I have this type of question all the time (with every new catty I make), with varying inputs, and have so far been flying by the seat of my pants. Many times I have crashed, and I end up drawing way too tight or way too loose. Good tubing and my time is valuable to me, and I don't enjoy wasting the tubing or time it takes to tube up a sling. Recently I have started cutting a one inch section and pulling it to what feels like the right tension and multiplying up. The jury is still out on whether or not this works well...but I am leaning towards no. Not sure why.

For example, the difference between a 5" and a 6" length of 1842 is substancial, ranging from 28" to 34.5" draws at 575% stretch. When you are trying to land right on your anchor point, and your draw with each sling you shoot is different, these variances are a big deal in terms of velocity.

It seems that many of you guys with cronys are aquiring this information anyway...why not compile it into a comprehensive matrix that removes a ton of the guess work? I for one am growing weary of drawing for the first time and knowing immediately I either won't reach my anchor point without being nervous of a snap, or that my 7/16" steel isn't even going to penetrate a steel can from 30 feet.

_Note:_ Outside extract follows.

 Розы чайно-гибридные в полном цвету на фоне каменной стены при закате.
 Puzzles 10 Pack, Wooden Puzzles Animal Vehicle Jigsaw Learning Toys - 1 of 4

As far as this not being science goes...not sure what that means, because it is science (Physics). Sorry to be a Wiesenheimer...but saying it isn't scientific is just silly.

Now, temperature and Quality Control are obviously out of our control, temp can be factored in, but QC cannot. Hopefully the latter would remain consistent. If QC is not consistent, a matrix would eventually reveal that, and the use of that tube could be curtailed by those who don't want to guess which lot# they'll get. Distance from sling to the crony would have to consistent as well, as drop-off will be a factor.

Another thing to consider is that with improving technologies, not to mention all the new-age silicone formulations being made these days, new tubes and bands are bound to come along. Having the matrix established would allow us to quickly substanciate or discount them for our purposes as they come along, saving a ton of trial and error.

I plan to start hunting with a sling soon, and hope to do it for the rest of my life. This data may seem trivial to some, but it would be cool to have, and the means to complie it isn't that complicated. It would just take some time. I don't have a crony, but would be glad to keep the spreadsheet. How to share it would have to be worked out, though. I have tried a few times to upload an example to the forum a couple times and it hasn't worked well for me.

Anyway, it's Friday, and I had some time at work to think about this. Sorry for the novella.


----------



## Viper010 (Apr 21, 2012)

lightgeoduck said:


> AaronC said:
> 
> 
> > But, band X with a band length of X pulled to X using ammo X is pretty definitive. Strength only matters if it does not allow you to reproduce the "pulled to X" variable.
> ...


X = 5.3
formula works perfect! hah! 

sorry duck, couldnt resist!


----------